Drinking Up: Sam Wynne and Belgian-Style Pale Ales

Sam Wynne of the Flying Saucer

Sam Wynne, Beverage Director at the Flying Saucer and Meddlesome Moth. (Photo by Rich Vana)

They’ve spent hundreds of years making beer, the Belgians, and the beverage’s place in its society is such that some of its best iterations are made by the most spiritual of men – Trappist Monks, that is. Balanced flavors, intricate subtleties – they’re the hallmark of just about any style of Belgian beers, from the ambers to the wits – and their style of the pale ale is no exception.

Though the idea of a pale ale today may bring to mind a hoppy explosion (Stone makes an ‘Annihilator’ IPA, so called because of its effect on the palate), the Belgian-style pale ale experience is quite a different one. Maintaining the carefully structured approach that is the trademark of Belgian brewing, the Belgian pale ale does indeed feature hops to an extent, but not to the point that it might incur an exhausted palate. Rather, its balance of hops, spices and malts make for the perfect Texas Fall beverage – at least, according to Sam Wynne, the Beverage Director at The Flying Saucer. Wynne, who is also a Cicerone, took a few minutes to chat with us about Belgian-style pale ales, and explained to us exactly why they make for a satisfying change of pace from the beers of Summer.

Thanks for chatting with us, Sam. We last spoke about the Belgian witbier and why it’s such a great Summer beer. What makes the Belgian pale ale so appropriate for the beginning of Fall?

Well, when we talked about the Belgian wits last time, we talked about how it’s a classic summary session – you can have six of them in a sitting. For me, though, a Belgian wit is almost limited to the hot, sunny times. When the sun goes down, or in the winter time or when the leaves start to turn, that’s where beers like this start coming back. This, to me, is the beginning of the Belgian Pale Ale Season. You start looking for a little bit more of that higher ABV, and it has warming characteristics as well.

Really, as far as a classic fall is concerned, it might not be the right beer, but for a Texas fall I think it’s ideal. For us, fall  is more about the edge coming off of the heat rather than it actually cooling off, and this is a beer that really stands up to those milder summer days that we call fall. And once the sun goes down, our fall happens at night – You get that little bit of cool breeze coming through. That’s where I start to not feel right drinking a wheat beer.

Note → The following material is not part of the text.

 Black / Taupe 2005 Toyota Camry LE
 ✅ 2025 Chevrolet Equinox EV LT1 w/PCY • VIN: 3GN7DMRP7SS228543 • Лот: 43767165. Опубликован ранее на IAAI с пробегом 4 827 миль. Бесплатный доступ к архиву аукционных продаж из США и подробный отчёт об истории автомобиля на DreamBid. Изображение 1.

So what is it about the Belgian pale ale that separates it from the IPA style?

Well, even just looking at it, you see that the color is pale in the classic sense, whereas when it comes to the modern understanding of the Indian Pale Ale and the American Pale Ale, you start to think of Pale Ale as a term not referring to its lightness – I think a lot of people hear pale ale and they think of hops, or kind of a bigger beer, which was obviously not the original intention.

In fact, of the things that makes the Belgium brewing tradition so great is not only how far back it runs but the delicate balance that they’re going for in a general sense. Even with a triple or quad you start seeing 9, 10, 11, 12 percent ABVs being clocked in, and people are quick to say, ‘Oh, that’s an extreme beer,’ but when you take a step back, close your eyes and take a sip, you really see a lot of delicate things being balanced very beautifully.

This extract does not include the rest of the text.